Their latest project is a special box catered towards cocktails, specifically high-quality cocktail mixers. Read on below to get the lowdown, and how you can get involved!
What is your personal experience with food and drink?
I grew up working in restaurants from the age of fourteen, specifically fine dining. I started working when I was fifteen years old, at a restaurant that was called Lumiere, and I actually apprenticed at the ages of seventeen and eighteen down at The French Laundry which is out in Napa (that’s a three Michelin star spot). I was really much the driven guy that was super-interested in owning the next best restaurant by a really young age. So I was really deep into fine dining between the ages of fourteen and twenty, and learned from chopping onions in a back hallway to apprenticing in kitchens and bumping around. I was always very passionate about food; I was a part of that generation that might have been plunked out in front of The Food Network, and absorbed a ridiculous amount. I remember growing up watching Emeril and stuff for hours on end back when The Food Network was based on teaching, opposed to building sugar castles and running around chasing food trucks, or whatever they do now [laughs]. In short, the same way a young boy would get interested in sports, I was always drawn to cooking.
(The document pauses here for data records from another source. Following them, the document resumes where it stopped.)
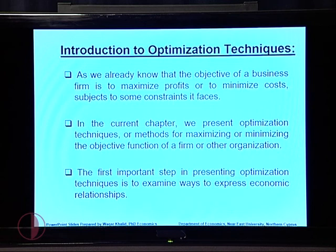Welcome dear students in the lecture of managerial economics. I am going to start chapter 2 of the managerial economics course: optimization techniques. Let me introduce the basic concept of optimization, and then we will discuss the techniques of optimization — which kinds of techniques we can use in analyzing the optimal solution of a problem.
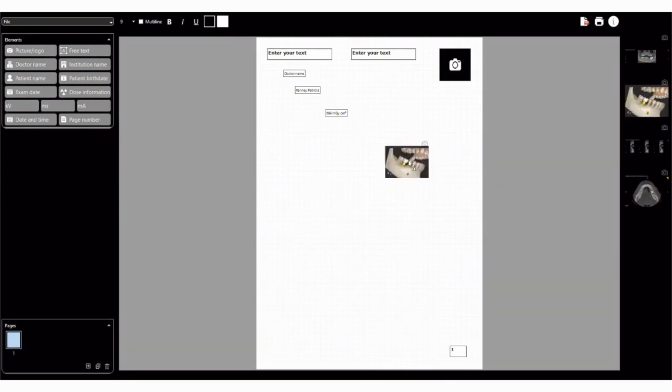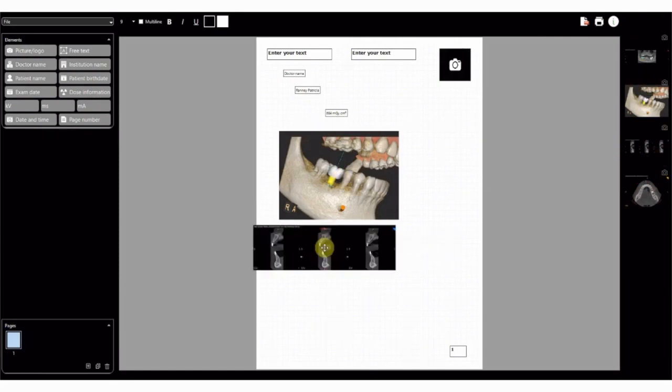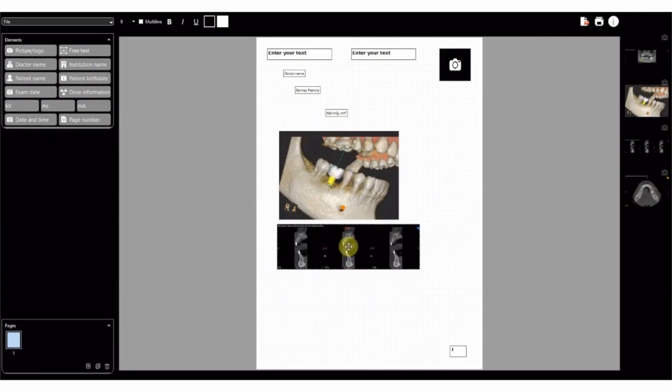Images from the gallery appear on the right side of the interface. Users can simply drag and drop the images into the template they've created.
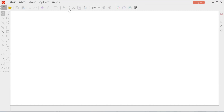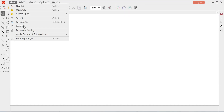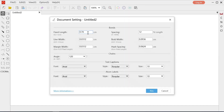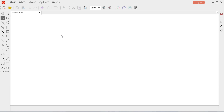First, open a new canvas and you can change the document settings here. I think the default setting is enough for today. Locate the toolbar here and select the bond tool.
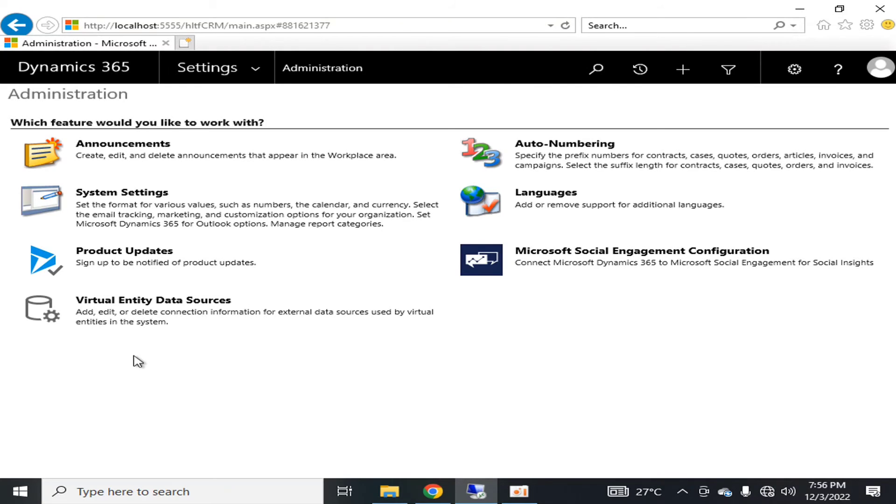This was all about the administration part. If you have any questions, leave them in the comment section so I can guide you. Remember, this is a basic level overview video. We will talk about details of system configuration in our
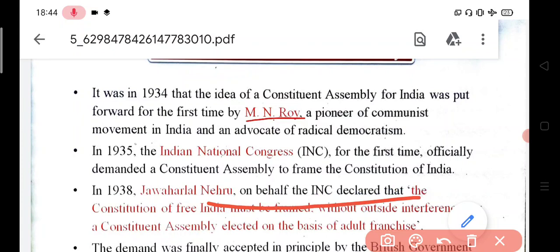In 1938, Jawaharlal Nehru declared that India's constitution must be framed without outside interference. The constituent assembly should be elected on the basis of adult franchise. The constitution should be made by Indians — we do not need any foreign agent dictating the terms and conditions.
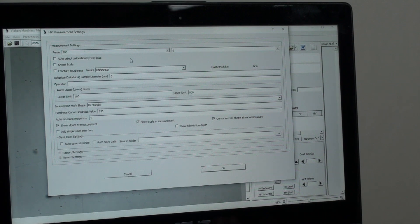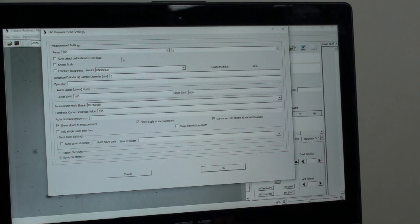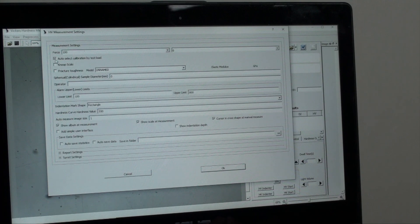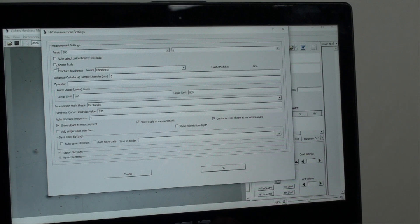If you intend to do Knoop scale testing the check box here must be marked and your penetrator must be swapped from Vickers style to Knoop if you don't have a multi-penetrator turret. You can also set upper and lower test limits, reporting formats, and others from this screen.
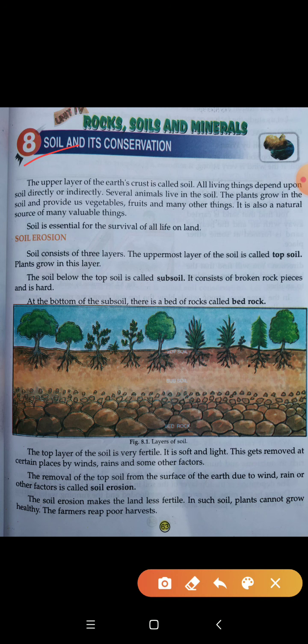The upper layer of the earth's crust is called soil. All living things depend upon soil directly or indirectly. Jo sabse oopar ki satah hoti hai — hemare earth mein jo ek layer hai — woh hai soil, woh kehlati hai mitti. Jo bhi living things hain, chahe woh human being ho ya animal ho, woh soil ke oopar directly or indirectly depend kerte hai.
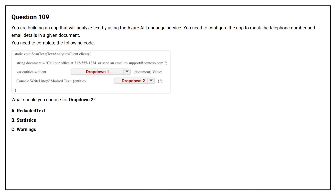Question number 109. You are building an app that will analyze text by using the Azure AI Language Service. You need to configure the app to mark the telephone number and email details in a given document. You need to complete the following code. What should you choose for drop-down two? Option A: Redacted Text. Option B: Statistic. Option C: Warnings.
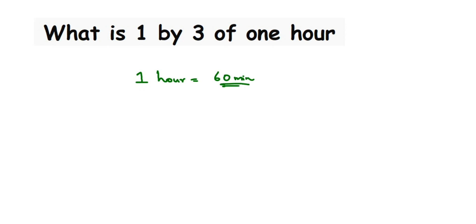Now they have given one by three. One by three is nothing but one-third, right? So one by three means one divided by three, or one by three of one hour.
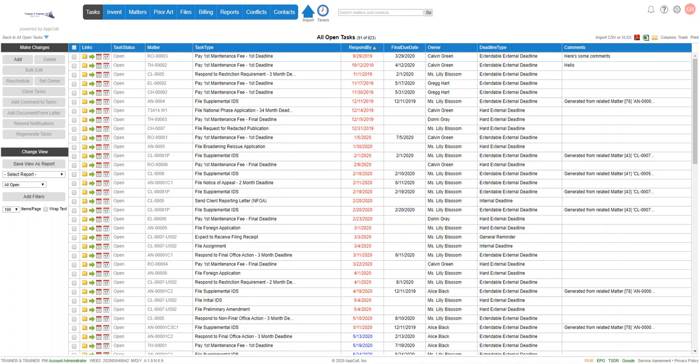This video focuses on docket reports and how to generate something such as a 30-day or possibly a 60- or 90-day docket report. So we're in our Tasks module and we're looking at all open tasks.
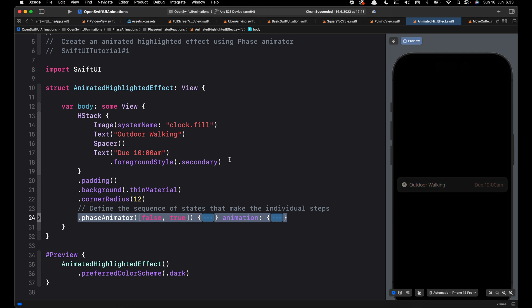Before iOS 17 and Xcode 15, you could animate between only two states. In Xcode 15 and iOS 17, you can build complex and multi-step animations with SwiftUI using Phase Animator and Keyframe Animator. Rather than animating between only two states, we can define multiple states using Phase Animator or Keyframe Animator.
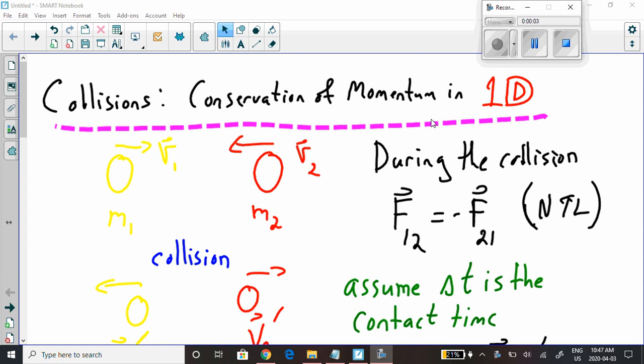Hi kids, we're back. Today we're going to continue our talk about momentum, and specifically about how momentum is a physical quantity that's conserved — sometimes, a lot of times actually — during a collision. We're going to start out pretty simple here, keeping it in one dimension to start. We'll move on to two dimensions later.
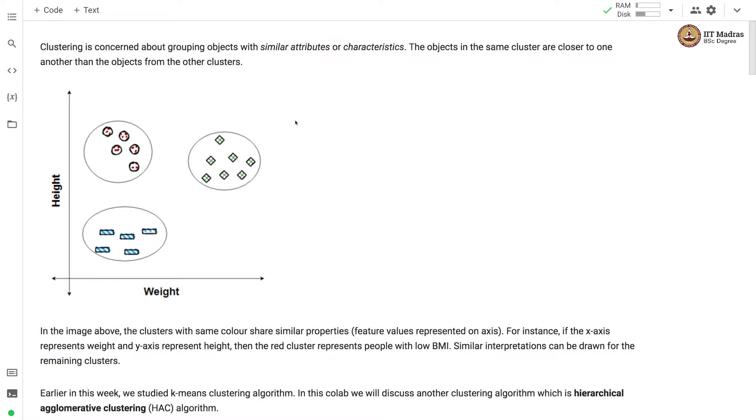Namaste, welcome to the next video of machine learning practice course. In this video we'll study one more clustering algorithm which is hierarchical agglomerative clustering.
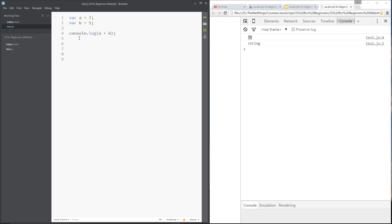Another useful feature that JavaScript provides us with when we're working with numbers is the Math object. I know we've not talked about objects in general yet — we're going to do that later — but I wanted to introduce this now because it's really simple and very useful. They've given this object in JavaScript so that we can work out different calculations easier. All I have to do is write the Math keyword and then dot, and call any of the Math functions or constants that I want.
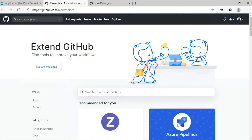GitHub, one of the most popular source control management platforms, recently launched code scanning extensibility capabilities, and Fortify is very proud to be a featured provider.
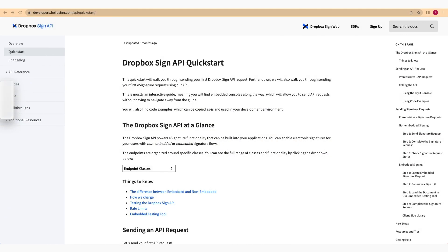Welcome to your introduction to the Dropbox Sign API. In this video, we'll help you send your very first Dropbox Sign API request. As we move forward, we'll also demonstrate how to send your first eSignature request using your API.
How did the idea for Mantry come about, and why did you decide to make it a subscription-box service?
I actually ended up going to university and doing business school, and once I left fine dining kitchens around twenty, I burnt out a little bit. But back at school, just living the college lifestyle and doing a business degree, I kind of saw how people cooked and would eat at home more, especially living with a bunch of guys, and that’s where the seed for the concept kind of started in a sense. I was just thinking, ‘is there a resource for food that really speaks to guys as much?‘. There’s the GQs and the Details, and that sort of thing, they write the very rare food article, so that’s what planted the seed. Ultimately didn’t know if we wanted to do a men’s food magazine fully, as opposed to just product. Those magazines write about “top sauce to try” and “five artisan makers around the country”, “four products that use bourbon”, and we just thought, let’s hedge our best, put this stuff in a box and send it to guys blind and hopefully they’ll dig it, cuz they can’t read about it when it’s right in front of them.
Mantry came out of just trying to find a cool resource that was tailored to guys. We have lots of female subscribers, most of our subscribers are couples who just like getting six cool products to accessorize their shopping at Trader Joe’s or Whole Foods or whatever throughout the week. The true concept to why we wanted a subscription was just cuz we wanted to take people on more of a journey. We focus on American small-batch makers, but there are so many stories to tell. Maybe a box would be just focused on different Mexican-inspired foods made throughout the U.S., or different people making Thai foods throughout the U.S.; we did a box called Thai Game which was kind of game-night feature, wings recipes and nachos recipes, and that type of thing, but using different makers that had Thai influence around the country. There was this amazing Thai chili sauce from Virginia of all places, there was Thai basil pickled jalapeños from Washington, from a maker up there called Gordy’s, this supercool Thai curry coconut peanuts that this person was making down in Texas…so we’ve done boxes like that, or we’ve done boxes like “Six Amazing Makers From Georgia” and trying to tell a little bit of a story of food culture in Georgia, we included an amazing small-batch grits from down there with a shrimp & grits recipe, there’s an olive oil company that’s the first olive oil farm east of the Mississippi in 100 years, so there’s so many stories to tell around the U.S.